DataSheet_3_Transcriptional re-programming of insulin B-chain epitope-specific T-follicular helper cells into anti-diabetogenic T-regulatory type-1 cells.xlsx

Systemic delivery of nanoparticles (NPs) coated with mono-specific autoimmune disease-relevant peptide-major histocompatibility complex class II (pMHCII) molecules can resolve organ inflammation in various disease models in a disease-specific manner without impairing normal immunity. These compounds invariably trigger the formation and systemic expansion of cognate pMHCII-specific T-regulatory type 1 (TR1) cells. By focusing on type 1 diabetes (T1D)-relevant pMHCII-NP types that display an epitope from the insulin B-chain bound to the same MHCII molecule (IAg7) on three different registers, we show that pMHCII-NP-induced TR1 cells invariably co-exist with cognate T-Follicular Helper (TFH)-like cells of quasi-identical clonotypic composition and are oligoclonal, yet transcriptionally homogeneous. Furthermore, these three different TR1 specificities have similar diabetes reversal properties in vivo despite being uniquely reactive against the peptide MHCII-binding register displayed on the NPs. Thus, pMHCII-NP treatment using nanomedicines displaying different epitope specificities results in the simultaneous differentiation of multiple antigen-specific TFH-like cell clones into TR1-like cells that inherit the fine antigenic specificity of their precursors while acquiring a defined transcriptional immunoregulatory program.

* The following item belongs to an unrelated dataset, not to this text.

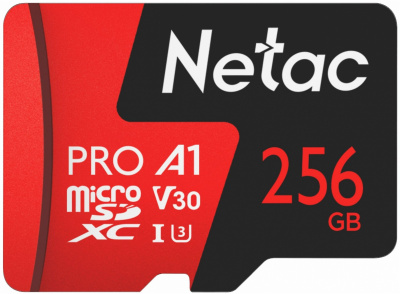 ���� ������ ����� ������ Netac MicroSDXC 256GB P500 Extreme Pro V30/A1/C10 up to 100MB/s, ������ ��������-�������� ������������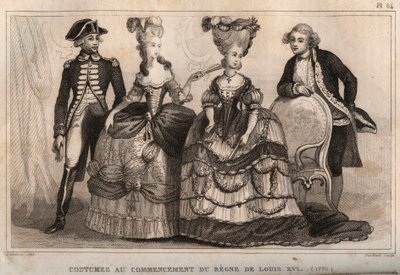 Kostymer i begynnelsen av Ludvig XVIs regne (1775). Gravering fra 1859 i “” Le Monde. Alle folkeslags historie fra de fjerneste tider til i dag». av M. E. de Lostalot-Bachoue (Lostalot Bachoue). Privat samling. av Anonymous Anonymous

以单一特异性自身免疫疾病相关肽-主要组织相容性复合体II类（peptide-major histocompatibility complex class II, pMHCII）分子包被的纳米颗粒（nanoparticles, NPs）经系统给药后，可在不损害正常免疫功能的前提下，以疾病特异性方式缓解多种疾病模型中的器官炎症。此类制剂始终可触发同源pMHCII特异性1型调节性T细胞（T-regulatory type 1, TR1）的形成与全身性扩增。本研究聚焦于1型糖尿病（type 1 diabetes, T1D）相关的pMHCII-NP制剂：此类制剂展示了以三种不同结合取向结合于同一MHCII分子（IAg7）的胰岛素B链表位。研究结果显示，pMHCII-NP诱导产生的TR1细胞始终与克隆型组成近乎一致的同源滤泡辅助性T细胞（T-Follicular Helper, TFH）样细胞共存，且这些TR1细胞呈寡克隆状态，但转录组特征均一。此外，尽管这三种不同的TR1细胞特异性仅分别识别纳米颗粒上展示的对应pMHCII结合取向，它们在体内均展现出相似的糖尿病逆转效果。综上，使用展示不同表位特异性纳米药物开展的pMHCII-NP治疗，可同时将多种抗原特异性TFH样细胞克隆分化为TR1样细胞；此类子代细胞既继承了前体细胞精细的抗原识别特异性，又获得了一套明确的转录组免疫调节程序。